Blog by Henrik Rydenfelt, Researcher, University of Oulu; Vice Chair, VEN – The Finnish Council of Ethics for Communication
Communication ethics is the critical reflection and revision of practices of communication.
The scope of this reflection may be narrow or wide. Narrowly speaking, it aims to assess the ethical merits of this or that particular action or practice. In a broad sense – the sense which is often forgot – it asks what sort of a culture of communication we should foster and engage in.
Among communication professionals, just like among any groups of professionals, there is a danger, however. Think of the way in which ethical ideas and concepts are invoked within your professional life.
For one thing, your company more than likely has a strategy with a bunch of value-laden words – suggested by a consultant, presumably based on a workshop which you may or may not have attended. But even if these framed concepts somehow translate into practice (which is itself often doubtful), research shows that value-laden notions and codes of conduct will be understood very differently by different people in different contexts.
Secondly, there’s all that CSR. Businesses are increasingly engaged in reporting their activities from the point of view of “responsibility”. But are these reports motivated by actual ethical considerations? Who reads them?
Thirdly, there’s the gospel of nice corporations. At a hefty price, millionaires and billionaires will sit between you and a beautiful set of powerpoint slides and tell you the secret to their success.
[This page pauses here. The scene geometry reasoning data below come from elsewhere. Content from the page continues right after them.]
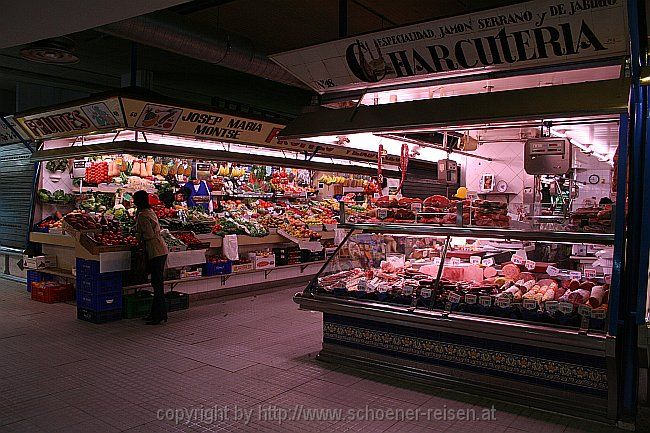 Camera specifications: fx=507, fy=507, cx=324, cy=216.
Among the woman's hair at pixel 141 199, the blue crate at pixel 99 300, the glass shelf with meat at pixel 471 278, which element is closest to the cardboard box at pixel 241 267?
the blue crate at pixel 99 300

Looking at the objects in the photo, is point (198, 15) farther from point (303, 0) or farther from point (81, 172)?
point (81, 172)

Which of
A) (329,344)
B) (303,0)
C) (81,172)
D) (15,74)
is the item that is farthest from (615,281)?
(15,74)

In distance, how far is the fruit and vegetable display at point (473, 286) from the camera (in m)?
4.56

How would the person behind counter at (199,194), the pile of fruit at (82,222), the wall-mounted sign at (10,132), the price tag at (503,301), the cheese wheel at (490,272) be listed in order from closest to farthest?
the price tag at (503,301) → the cheese wheel at (490,272) → the pile of fruit at (82,222) → the wall-mounted sign at (10,132) → the person behind counter at (199,194)

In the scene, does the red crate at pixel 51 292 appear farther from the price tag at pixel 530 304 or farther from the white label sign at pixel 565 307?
the white label sign at pixel 565 307

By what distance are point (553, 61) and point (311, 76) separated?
99.8 inches

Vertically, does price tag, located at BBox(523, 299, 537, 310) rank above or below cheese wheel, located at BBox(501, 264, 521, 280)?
below

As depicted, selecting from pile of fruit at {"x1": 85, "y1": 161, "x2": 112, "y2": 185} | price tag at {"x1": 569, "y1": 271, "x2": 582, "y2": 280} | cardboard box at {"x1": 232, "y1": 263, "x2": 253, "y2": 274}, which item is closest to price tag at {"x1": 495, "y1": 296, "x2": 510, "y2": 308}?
price tag at {"x1": 569, "y1": 271, "x2": 582, "y2": 280}

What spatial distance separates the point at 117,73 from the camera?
38.1 ft

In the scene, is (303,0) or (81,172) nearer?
(303,0)

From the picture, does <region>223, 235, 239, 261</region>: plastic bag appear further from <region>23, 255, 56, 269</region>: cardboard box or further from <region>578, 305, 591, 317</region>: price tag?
<region>578, 305, 591, 317</region>: price tag

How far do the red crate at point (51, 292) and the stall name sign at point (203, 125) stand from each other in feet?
11.9

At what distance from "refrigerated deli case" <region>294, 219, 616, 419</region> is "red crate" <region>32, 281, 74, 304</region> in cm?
552

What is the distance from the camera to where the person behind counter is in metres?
10.9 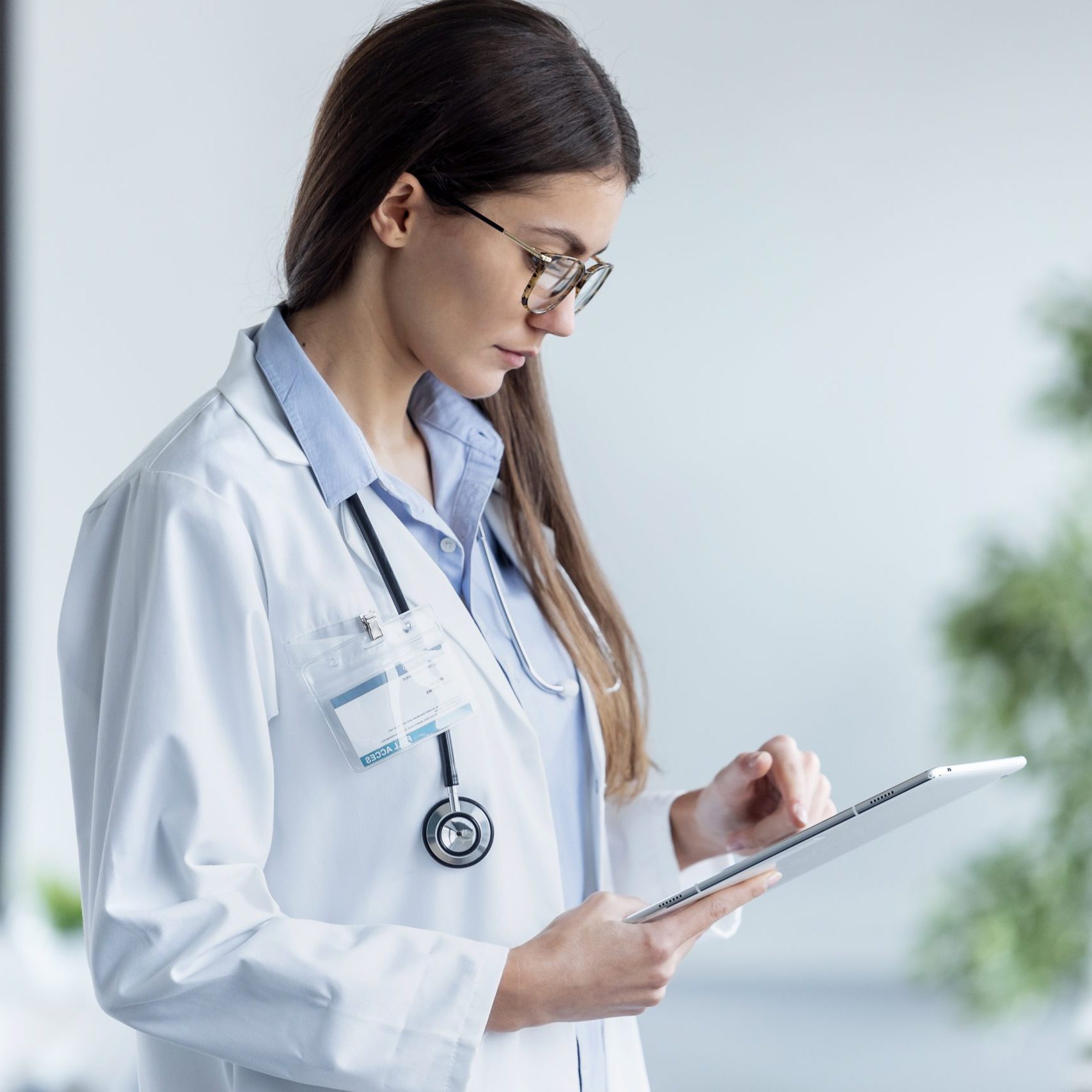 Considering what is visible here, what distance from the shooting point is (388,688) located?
96 cm

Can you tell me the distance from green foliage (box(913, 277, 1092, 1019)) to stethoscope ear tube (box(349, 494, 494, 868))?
149cm

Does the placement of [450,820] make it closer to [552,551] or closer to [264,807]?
[264,807]

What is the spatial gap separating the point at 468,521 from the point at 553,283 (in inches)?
11.3

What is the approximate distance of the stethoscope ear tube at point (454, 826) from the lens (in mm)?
961

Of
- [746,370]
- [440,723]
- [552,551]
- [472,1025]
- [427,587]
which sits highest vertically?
[746,370]

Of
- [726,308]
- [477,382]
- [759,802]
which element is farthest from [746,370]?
[477,382]

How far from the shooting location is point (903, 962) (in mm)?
2652

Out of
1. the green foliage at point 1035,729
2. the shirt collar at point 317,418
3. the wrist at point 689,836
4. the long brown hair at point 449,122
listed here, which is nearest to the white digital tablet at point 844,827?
the wrist at point 689,836

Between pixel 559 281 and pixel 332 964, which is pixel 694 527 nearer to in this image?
pixel 559 281

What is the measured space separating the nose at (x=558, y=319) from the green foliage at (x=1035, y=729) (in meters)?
1.38

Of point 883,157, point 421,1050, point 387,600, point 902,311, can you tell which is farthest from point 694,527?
point 421,1050

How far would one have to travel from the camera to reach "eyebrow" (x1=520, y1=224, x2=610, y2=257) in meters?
1.01

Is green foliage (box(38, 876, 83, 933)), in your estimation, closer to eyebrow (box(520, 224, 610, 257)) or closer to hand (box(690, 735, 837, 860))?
hand (box(690, 735, 837, 860))

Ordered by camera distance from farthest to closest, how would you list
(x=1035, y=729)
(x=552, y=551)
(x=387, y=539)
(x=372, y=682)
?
(x=1035, y=729) → (x=552, y=551) → (x=387, y=539) → (x=372, y=682)
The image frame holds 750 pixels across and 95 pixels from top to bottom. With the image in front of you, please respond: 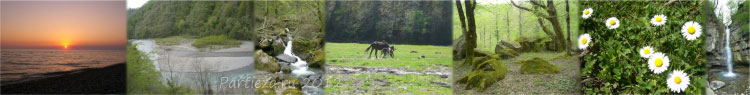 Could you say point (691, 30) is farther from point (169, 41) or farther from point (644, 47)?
point (169, 41)

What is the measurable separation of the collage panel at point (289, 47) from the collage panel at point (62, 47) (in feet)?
4.78

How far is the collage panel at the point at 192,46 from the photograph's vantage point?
13.1 feet

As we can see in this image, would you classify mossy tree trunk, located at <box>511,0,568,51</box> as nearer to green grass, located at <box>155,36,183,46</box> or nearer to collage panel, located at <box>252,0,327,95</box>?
collage panel, located at <box>252,0,327,95</box>

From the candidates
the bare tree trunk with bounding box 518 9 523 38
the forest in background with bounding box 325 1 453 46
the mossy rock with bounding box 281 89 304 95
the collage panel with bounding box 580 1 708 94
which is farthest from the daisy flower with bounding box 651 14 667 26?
the mossy rock with bounding box 281 89 304 95

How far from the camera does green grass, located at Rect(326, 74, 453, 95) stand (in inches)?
149

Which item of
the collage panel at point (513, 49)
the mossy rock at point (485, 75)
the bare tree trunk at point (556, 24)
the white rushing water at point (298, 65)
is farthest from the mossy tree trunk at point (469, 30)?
the white rushing water at point (298, 65)

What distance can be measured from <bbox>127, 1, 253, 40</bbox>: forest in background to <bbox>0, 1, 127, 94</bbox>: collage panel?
0.74 ft

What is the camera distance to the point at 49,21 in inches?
174

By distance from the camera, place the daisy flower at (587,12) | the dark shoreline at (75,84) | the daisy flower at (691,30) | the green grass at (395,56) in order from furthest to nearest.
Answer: the dark shoreline at (75,84) → the green grass at (395,56) → the daisy flower at (587,12) → the daisy flower at (691,30)

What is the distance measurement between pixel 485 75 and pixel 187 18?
9.79ft

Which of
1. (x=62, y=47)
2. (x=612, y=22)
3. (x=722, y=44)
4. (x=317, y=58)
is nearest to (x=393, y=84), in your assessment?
(x=317, y=58)

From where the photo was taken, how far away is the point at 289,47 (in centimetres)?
403

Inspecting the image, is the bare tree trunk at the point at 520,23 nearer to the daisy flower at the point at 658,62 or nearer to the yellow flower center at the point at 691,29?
the daisy flower at the point at 658,62

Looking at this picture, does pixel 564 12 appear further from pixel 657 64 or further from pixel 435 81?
pixel 435 81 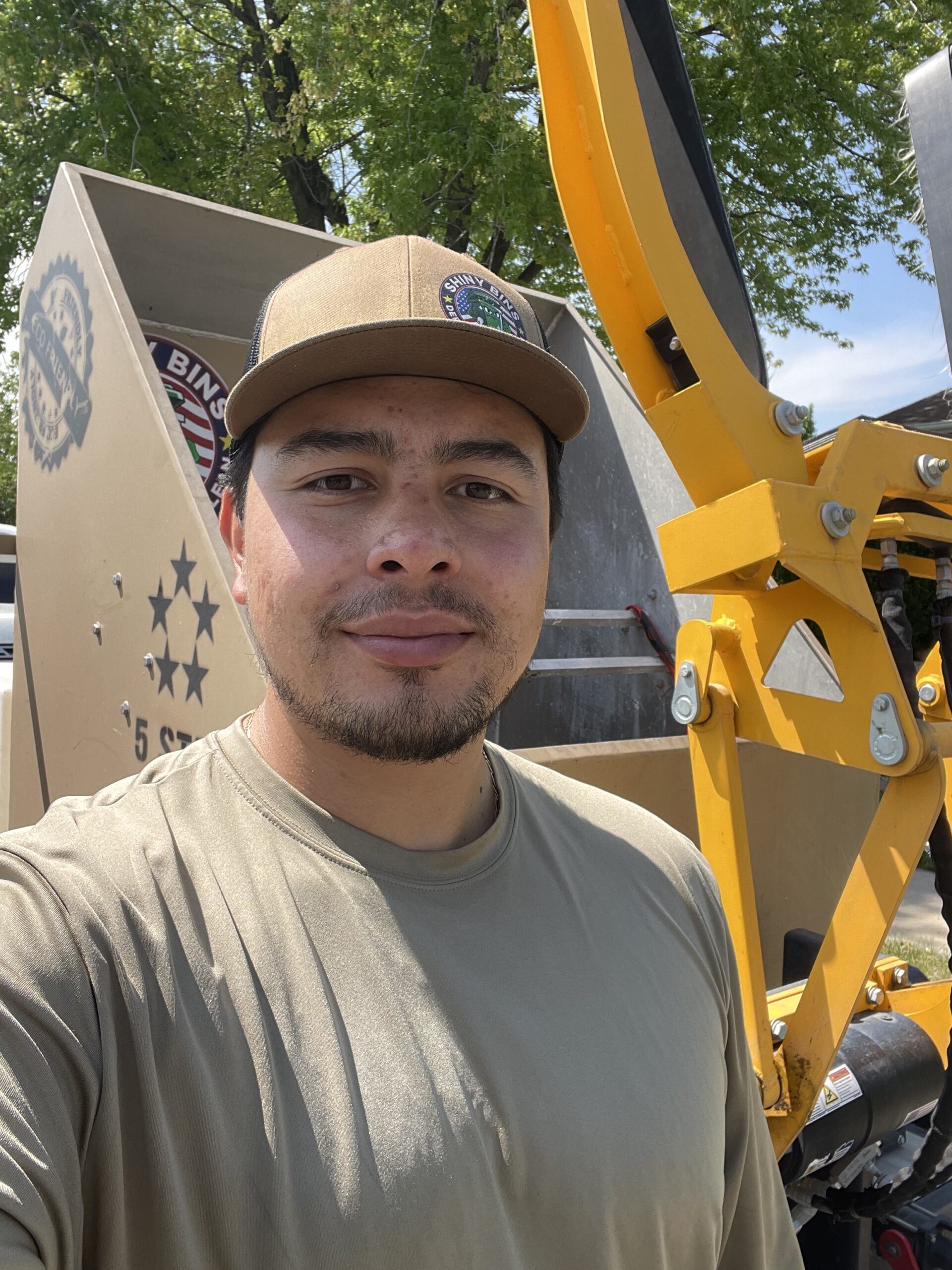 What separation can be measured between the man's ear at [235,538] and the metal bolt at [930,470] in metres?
1.56

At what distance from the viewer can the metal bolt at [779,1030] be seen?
7.01 feet

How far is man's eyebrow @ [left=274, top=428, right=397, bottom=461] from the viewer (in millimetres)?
1098

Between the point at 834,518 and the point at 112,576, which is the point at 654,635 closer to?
the point at 834,518

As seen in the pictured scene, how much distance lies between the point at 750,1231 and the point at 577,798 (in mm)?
548

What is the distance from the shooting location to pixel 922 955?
17.1 ft

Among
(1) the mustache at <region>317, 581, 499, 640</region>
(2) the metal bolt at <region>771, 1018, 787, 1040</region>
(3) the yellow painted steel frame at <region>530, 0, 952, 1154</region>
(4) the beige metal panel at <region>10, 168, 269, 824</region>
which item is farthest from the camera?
(4) the beige metal panel at <region>10, 168, 269, 824</region>

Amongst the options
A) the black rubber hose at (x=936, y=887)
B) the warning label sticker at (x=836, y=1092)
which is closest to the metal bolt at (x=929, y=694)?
the black rubber hose at (x=936, y=887)

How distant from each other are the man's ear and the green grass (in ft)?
15.2

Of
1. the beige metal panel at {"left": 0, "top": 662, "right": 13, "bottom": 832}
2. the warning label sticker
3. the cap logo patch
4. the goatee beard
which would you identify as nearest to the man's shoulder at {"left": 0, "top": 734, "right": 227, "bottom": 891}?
the goatee beard

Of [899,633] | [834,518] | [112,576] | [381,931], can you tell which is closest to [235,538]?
[381,931]

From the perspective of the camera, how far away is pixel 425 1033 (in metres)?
0.91

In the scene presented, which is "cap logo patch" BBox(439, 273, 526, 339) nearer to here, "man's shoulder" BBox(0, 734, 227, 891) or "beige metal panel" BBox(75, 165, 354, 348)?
"man's shoulder" BBox(0, 734, 227, 891)

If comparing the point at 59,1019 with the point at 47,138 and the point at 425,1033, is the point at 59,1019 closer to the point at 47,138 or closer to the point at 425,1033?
the point at 425,1033

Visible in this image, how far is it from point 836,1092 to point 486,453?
67.1 inches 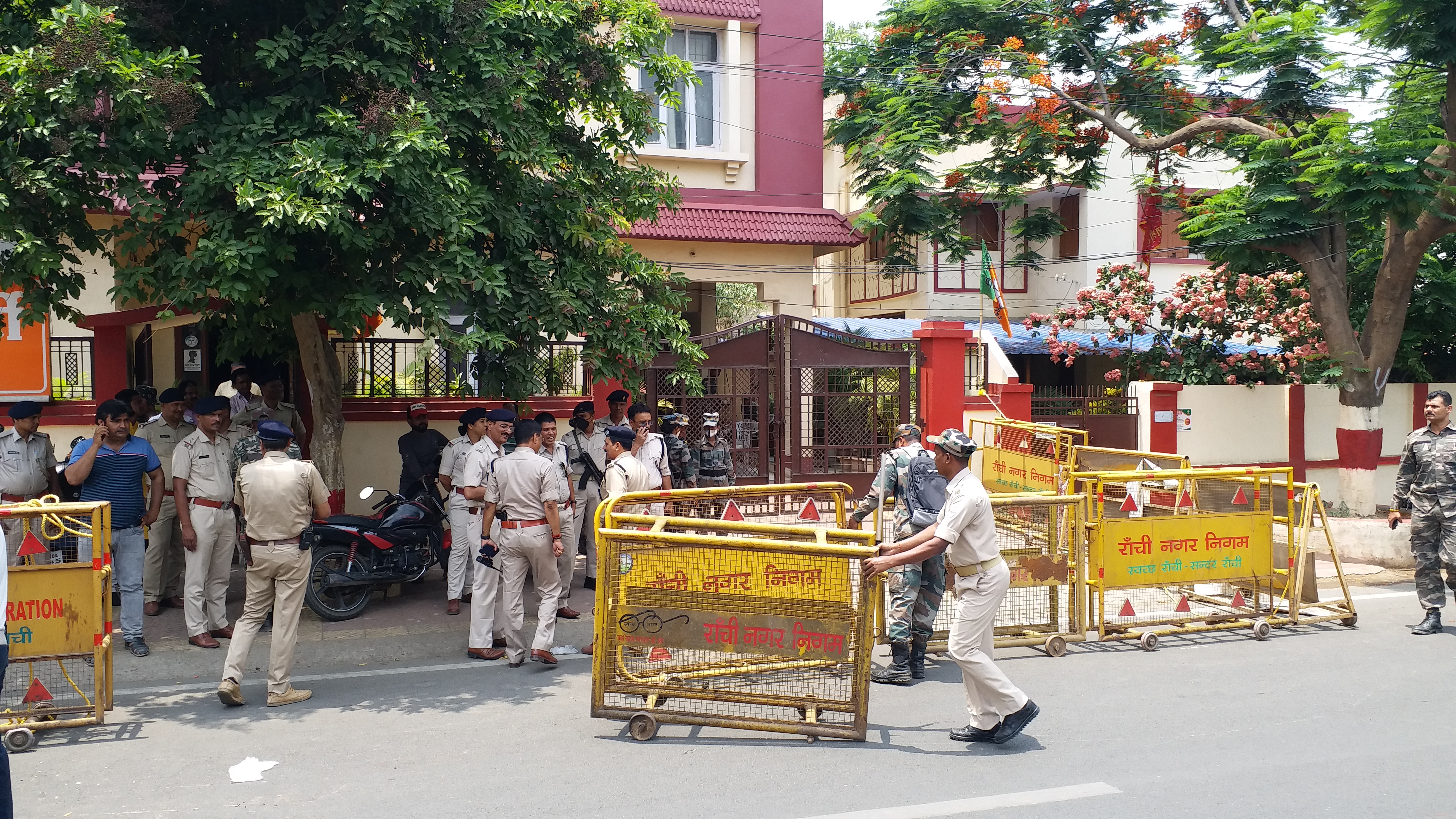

Without exception, that secret includes appreciating other people, fostering innovation and new ideas, and taking care of employees, colleagues and the environment.
That one time when they out-priced a new competitor which had a better idea, hired its employees and destroyed every trace of their superior innovation doesn’t get mentioned.
All of the three practices just mentioned may surely be useful as tools and as inspiration for ethical reflection. The problems begin when we think that engaging in these (and various other) practices, or hiring someone to do so, amounts to actual ethical criticism and revision – when we outsource our ethics.
Self-regulation: the Finnish case
In 2015, associations of communications professionals came together and founded the Council of Ethics for Communication in Finland. This development was possible in a small country with a high level of professional organization and a long tradition in self-regulation, especially within the media.
The Council was born out of perceived practical need. For one thing, ethical issues and questions had started to appear on the everyday agenda. It was understood that no one person – such as a managing director of an association – could single-handedly respond to all of them and represent the whole profession. A larger panel of experts was required.
Another issue concerned problematic situations that could emerge between professionals and their employers or clients. Sometimes professionals were asked to do what they thought they shouldn’t be doing. They needed an ethical code which they could rely on and refer to.
Self-regulation. A council and a code. Here’s the question you should be asking: how is this not outsourced ethics?
There’s no single and simple way to avoid the pitfall; here’s three ways to make sure that the ethics really comes from within the profession.
Firstly, the council and its code should be based on (and constantly engaged in) gauging the expectations of the profession and its stakeholders, including their organizations and outside collaborators such as consultants. The code is by the professionals and for their actual practices.
Secondly, an ethical council should be proactive and address potential puzzles before they become actual problems. The Finnish council discusses and assesses general practices so that its ideas and comments could be helpful to the broadest possible number of professionals in their everyday choices.
Thirdly, and perhaps most importantly, councils should always remind themselves that their role is primarily to foster and give tools for ethical reflection among professionals – rather than be another opportunity of outsourcing that reflection to the “experts”.